From 904cc443491c8a08bf2ec8778a85e7e063e5607b Mon Sep 17 00:00:00 2001
From: Void Main <voidmain1313113@gmail.com>
Date: Mon, 25 Jan 2021 10:03:00 +0800
Subject: [PATCH] [Feature] Build parser to support distributed training
 (#30658)

[Feature] Build parser to support distributed training
---
 .../ascend/ascend_optimizer.py                | 45 ++++++++++++++++++-
 .../meta_optimizers/ascend/ascend_parser.py   | 22 +++++----
 .../fluid/tests/unittests/ascend_group.py     | 27 +++++++++--
 3 files changed, 79 insertions(+), 15 deletions(-)
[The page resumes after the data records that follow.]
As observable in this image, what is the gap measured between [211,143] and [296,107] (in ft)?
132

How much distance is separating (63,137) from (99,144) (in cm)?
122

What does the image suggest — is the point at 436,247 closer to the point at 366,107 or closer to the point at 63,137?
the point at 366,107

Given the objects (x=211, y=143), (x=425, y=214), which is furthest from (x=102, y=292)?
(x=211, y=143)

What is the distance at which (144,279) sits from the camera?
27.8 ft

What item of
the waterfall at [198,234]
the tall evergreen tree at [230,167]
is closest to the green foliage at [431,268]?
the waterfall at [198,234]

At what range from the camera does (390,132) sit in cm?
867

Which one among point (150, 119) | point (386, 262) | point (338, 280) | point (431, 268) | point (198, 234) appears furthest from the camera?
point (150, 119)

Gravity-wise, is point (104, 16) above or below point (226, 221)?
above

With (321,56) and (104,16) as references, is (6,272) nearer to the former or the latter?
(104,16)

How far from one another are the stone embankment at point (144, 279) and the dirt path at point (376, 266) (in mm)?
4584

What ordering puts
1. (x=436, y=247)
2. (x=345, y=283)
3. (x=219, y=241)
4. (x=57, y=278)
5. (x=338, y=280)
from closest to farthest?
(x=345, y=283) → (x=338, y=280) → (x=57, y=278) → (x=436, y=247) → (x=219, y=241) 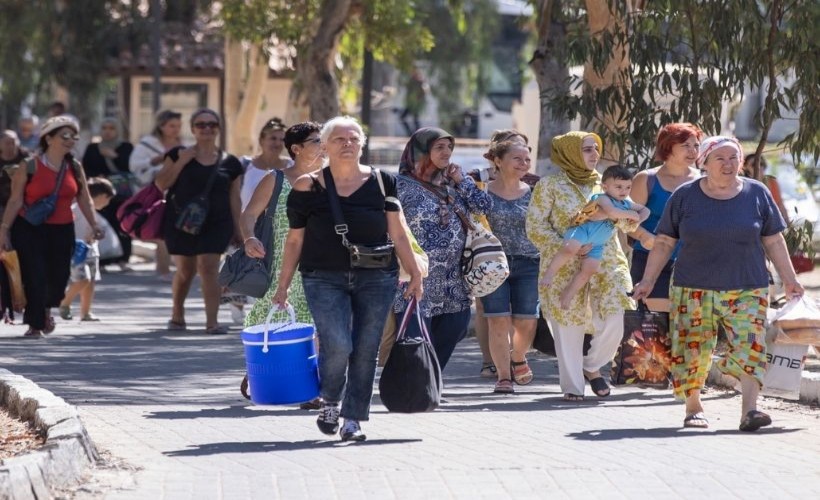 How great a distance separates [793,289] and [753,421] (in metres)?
0.84

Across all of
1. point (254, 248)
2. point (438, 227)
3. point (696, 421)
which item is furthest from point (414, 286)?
point (696, 421)

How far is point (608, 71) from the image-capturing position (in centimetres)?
1497

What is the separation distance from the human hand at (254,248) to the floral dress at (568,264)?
1.89 metres

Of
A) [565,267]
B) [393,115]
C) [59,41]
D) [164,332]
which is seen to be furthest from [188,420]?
[393,115]

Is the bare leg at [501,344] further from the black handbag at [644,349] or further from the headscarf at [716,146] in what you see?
the headscarf at [716,146]

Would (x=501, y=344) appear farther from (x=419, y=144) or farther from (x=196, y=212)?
(x=196, y=212)

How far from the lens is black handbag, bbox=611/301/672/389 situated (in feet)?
34.5

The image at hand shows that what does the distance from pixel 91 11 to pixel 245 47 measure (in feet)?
29.5

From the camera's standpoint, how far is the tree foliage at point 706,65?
43.5 feet

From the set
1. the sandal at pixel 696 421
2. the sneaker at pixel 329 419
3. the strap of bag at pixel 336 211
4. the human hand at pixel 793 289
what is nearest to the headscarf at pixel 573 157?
the human hand at pixel 793 289

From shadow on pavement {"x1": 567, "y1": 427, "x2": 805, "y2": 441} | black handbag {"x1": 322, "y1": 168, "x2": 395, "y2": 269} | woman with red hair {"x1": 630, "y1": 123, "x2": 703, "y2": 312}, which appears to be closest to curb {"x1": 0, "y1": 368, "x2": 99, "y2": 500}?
black handbag {"x1": 322, "y1": 168, "x2": 395, "y2": 269}

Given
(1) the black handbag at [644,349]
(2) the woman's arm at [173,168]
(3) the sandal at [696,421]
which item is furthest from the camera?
(2) the woman's arm at [173,168]

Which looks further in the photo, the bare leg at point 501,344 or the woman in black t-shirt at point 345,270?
the bare leg at point 501,344

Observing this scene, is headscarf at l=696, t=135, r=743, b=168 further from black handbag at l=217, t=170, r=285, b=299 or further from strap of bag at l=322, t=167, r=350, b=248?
black handbag at l=217, t=170, r=285, b=299
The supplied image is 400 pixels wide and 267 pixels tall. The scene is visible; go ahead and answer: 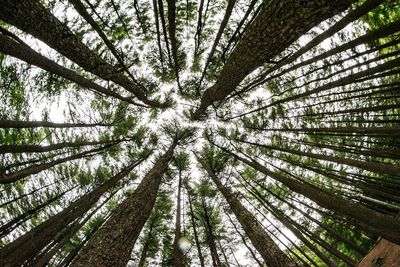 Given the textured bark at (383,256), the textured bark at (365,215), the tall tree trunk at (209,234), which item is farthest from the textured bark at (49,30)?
the textured bark at (383,256)

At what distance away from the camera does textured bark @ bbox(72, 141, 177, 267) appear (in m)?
5.27

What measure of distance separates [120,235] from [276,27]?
4796mm

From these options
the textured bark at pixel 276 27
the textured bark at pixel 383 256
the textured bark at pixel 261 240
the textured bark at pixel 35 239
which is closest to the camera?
the textured bark at pixel 383 256

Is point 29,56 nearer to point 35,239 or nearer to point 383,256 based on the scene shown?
point 35,239

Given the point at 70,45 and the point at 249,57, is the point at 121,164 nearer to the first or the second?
the point at 70,45

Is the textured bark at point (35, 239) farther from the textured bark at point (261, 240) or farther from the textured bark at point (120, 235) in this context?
the textured bark at point (261, 240)

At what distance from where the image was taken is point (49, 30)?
205 inches

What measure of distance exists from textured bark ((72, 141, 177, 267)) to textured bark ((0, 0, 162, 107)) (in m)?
3.03

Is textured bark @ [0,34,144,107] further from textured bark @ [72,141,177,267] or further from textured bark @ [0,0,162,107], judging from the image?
textured bark @ [72,141,177,267]

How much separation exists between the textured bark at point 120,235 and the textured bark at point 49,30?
3032 millimetres

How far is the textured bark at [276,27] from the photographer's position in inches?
149

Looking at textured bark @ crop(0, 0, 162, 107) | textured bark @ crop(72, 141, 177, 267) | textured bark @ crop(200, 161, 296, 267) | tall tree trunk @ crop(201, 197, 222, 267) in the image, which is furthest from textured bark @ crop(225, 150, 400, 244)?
tall tree trunk @ crop(201, 197, 222, 267)

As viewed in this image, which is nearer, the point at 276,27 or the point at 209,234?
the point at 276,27

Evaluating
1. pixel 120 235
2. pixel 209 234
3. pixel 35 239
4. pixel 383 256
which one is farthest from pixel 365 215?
pixel 209 234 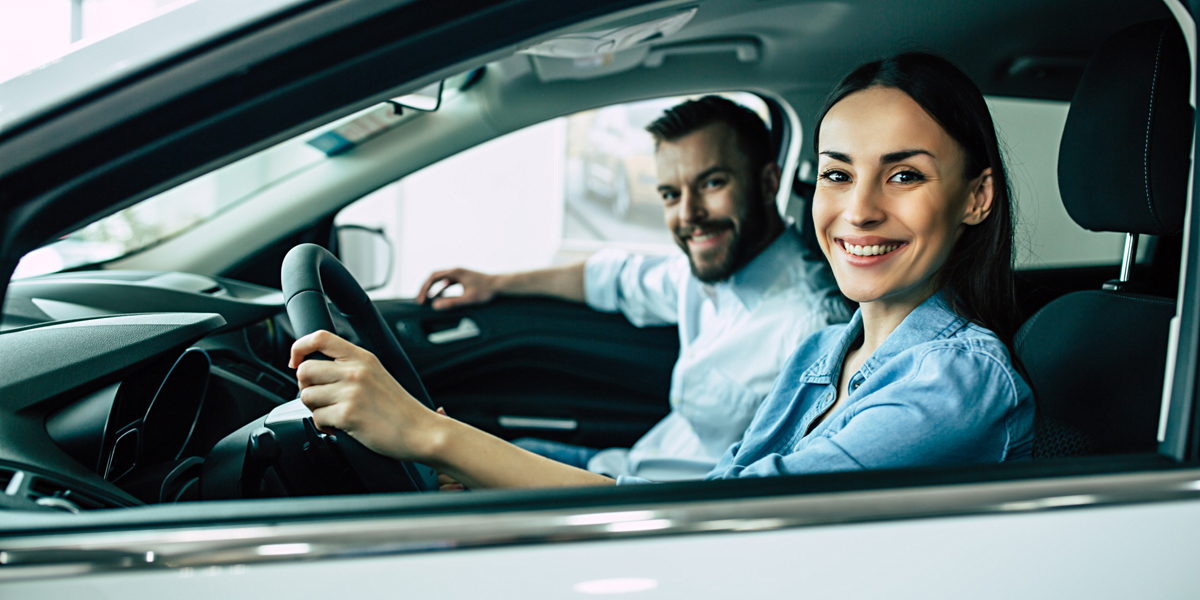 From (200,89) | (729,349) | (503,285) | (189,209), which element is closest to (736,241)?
(729,349)

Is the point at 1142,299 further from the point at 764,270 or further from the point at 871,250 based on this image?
the point at 764,270

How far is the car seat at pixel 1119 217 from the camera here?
3.23 ft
diff --git a/python/paddle/distributed/fleet/meta_optimizers/ascend/ascend_optimizer.py b/python/paddle/distributed/fleet/meta_optimizers/ascend/ascend_optimizer.py
index 8e8447ad7ea..a8aca3d2b88 100644
--- a/python/paddle/distributed/fleet/meta_optimizers/ascend/ascend_optimizer.py
+++ b/python/paddle/distributed/fleet/meta_optimizers/ascend/ascend_optimizer.py
@@ -18,11 +18,17 @@ from paddle.fluid.optimizer import Optimizer
 import paddle.fluid.core as core
 import numpy as np
 from . import ascend_parser
+from paddle.distributed import fleet
+import hccl.manage.api as hccl
+from collections import namedtuple
 
+HcomGroupConfig = namedtuple('HcomGroupConfig', ['name', 'nranks', 'rank_ids'])
 
 class AscendIRParser(object):
     def __init__(self):
         self.graph_idx = 0
+        self.hcom_endpoints = {}
+        self.groups_to_create = []
 
     def _construct_input_map(self, input_varlist):
         ret_map = {}
@@ -38,8 +44,37 @@ class AscendIRParser(object):
                 ret_map[var.name] = ge_input
         return ge_in_operator, ret_map
 
+    def _endpoint_to_world_rank_id(self, endpoint):
+        world_endpoints = fleet.worker_endpoints()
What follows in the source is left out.